Beiträge von Olaf

    Hallo Thomas,


    wenn du wirklich ein Modul bauen willst, warum plazierst du die Brücke nicht gerade auf dem Modul und gestaltest den Fluss im Winkel. Die Breite von 1m halte ich für nicht gerade praktikabel für Transport und Aufbau auf Treffen.
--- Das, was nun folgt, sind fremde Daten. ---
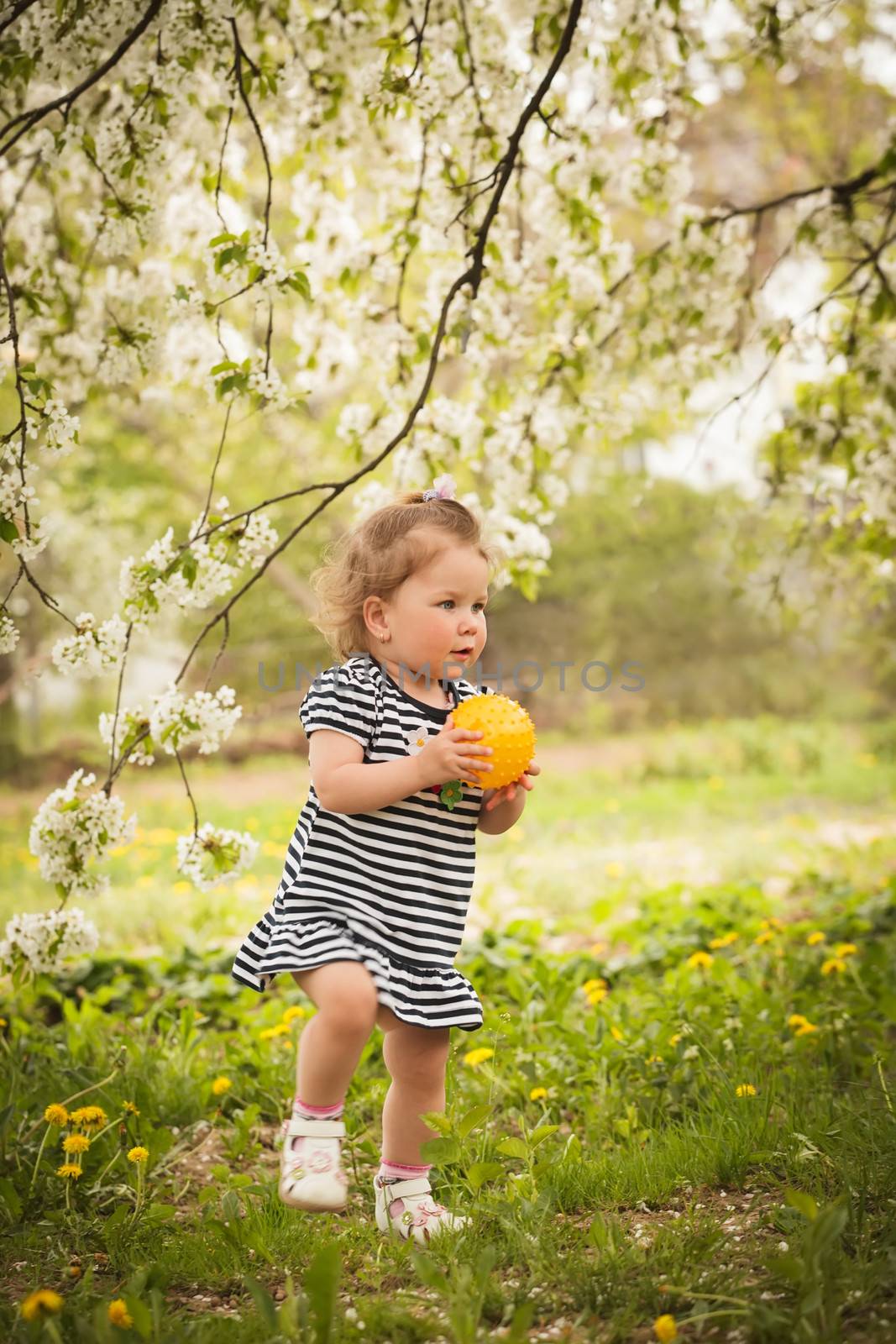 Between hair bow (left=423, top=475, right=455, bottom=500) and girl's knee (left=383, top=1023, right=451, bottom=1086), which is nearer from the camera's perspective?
girl's knee (left=383, top=1023, right=451, bottom=1086)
    Außerdem würde ich persönlich beim ersten Modul mit einem ganz einfachen Thema anfangen. Die Gestaltung eines Flusses mit Brücke ist nicht gerade geeignet für einen Modul-Einstieg.


    Gruß, Olaf

    Hallo Thomas,


    es gibt im Fremo keine Standardmaße. Also keine Raster, Standardwinkel und so weiter. Es gibt häufig wiederkehrende Maße bei Modulen. Z.B. gerade Strecke 1m, Bögen 22,5° mit 2500mm Radius. Das wichtigste was genorm ist, sind die Übergangsprofile, die Gleishöhe (1,3m), die elektrischen Übergänge (4mm Bananenbuchse und -stecker) und die Mindestanforderungen für Radien. Mehr dazu kannst du in der Norm nachlesen.
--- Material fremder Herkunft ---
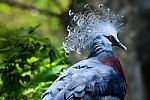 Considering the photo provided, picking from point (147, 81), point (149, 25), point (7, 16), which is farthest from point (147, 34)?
point (7, 16)

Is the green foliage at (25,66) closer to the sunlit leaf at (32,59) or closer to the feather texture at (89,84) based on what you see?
the sunlit leaf at (32,59)

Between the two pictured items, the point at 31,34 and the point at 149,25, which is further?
the point at 149,25

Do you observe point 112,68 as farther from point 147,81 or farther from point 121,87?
point 147,81

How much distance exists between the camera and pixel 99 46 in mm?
2479

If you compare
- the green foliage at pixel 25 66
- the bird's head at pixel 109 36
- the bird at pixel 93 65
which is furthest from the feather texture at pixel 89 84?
the green foliage at pixel 25 66

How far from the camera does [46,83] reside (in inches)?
119

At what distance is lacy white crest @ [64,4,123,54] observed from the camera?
98.9 inches

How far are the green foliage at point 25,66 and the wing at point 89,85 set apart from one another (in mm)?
680

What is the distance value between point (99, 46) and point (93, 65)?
0.13 metres

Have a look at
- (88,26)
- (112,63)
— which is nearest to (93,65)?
(112,63)

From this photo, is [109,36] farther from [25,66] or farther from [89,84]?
[25,66]

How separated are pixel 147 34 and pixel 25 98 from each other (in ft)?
8.04

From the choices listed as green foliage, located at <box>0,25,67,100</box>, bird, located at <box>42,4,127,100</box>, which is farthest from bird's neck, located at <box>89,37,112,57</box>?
green foliage, located at <box>0,25,67,100</box>

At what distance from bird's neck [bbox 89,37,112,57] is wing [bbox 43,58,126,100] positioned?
9 centimetres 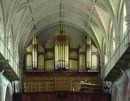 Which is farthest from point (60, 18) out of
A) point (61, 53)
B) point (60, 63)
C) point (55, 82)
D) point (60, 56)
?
point (55, 82)

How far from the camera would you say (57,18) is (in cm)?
4506

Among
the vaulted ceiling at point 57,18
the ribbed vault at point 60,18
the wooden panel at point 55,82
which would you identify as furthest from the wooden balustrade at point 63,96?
the vaulted ceiling at point 57,18

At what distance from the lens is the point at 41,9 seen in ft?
136

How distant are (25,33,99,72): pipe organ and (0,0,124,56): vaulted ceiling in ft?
2.56

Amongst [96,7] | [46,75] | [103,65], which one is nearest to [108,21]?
[96,7]

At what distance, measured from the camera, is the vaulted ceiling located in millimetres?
35500

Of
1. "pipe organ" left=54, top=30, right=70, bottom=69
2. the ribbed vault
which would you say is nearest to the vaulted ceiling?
the ribbed vault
    Als Arrangementplaner gibt es unterschiedliche Anforderungen. Bei meinem Treffen kann ich nie genug Kurvenmodule mit unterschiedlichen Radien und Winkeln haben. Das liegt bei mir an der benutzten Halle. Die hat Säulen, Wände und zum Teil feste Einbauten. Beispiel dafür das Arrangement Wehmingen 2018. Da ist die Planung wie puzzeln. In einer Dreifeldsporthalle wirst du wahrscheinlich eher Strecke mit geraden Modulen benötigen.

    Ich bevorzuge Module mit E und F Profilen, da sie freier in den Einsatzmöglichkeiten sind. Andere haben gerne B Profile, weil sie auf die Art von Landschaft stehen. Bei denen hat man nur immer das Problem mit der "Wierumsietät".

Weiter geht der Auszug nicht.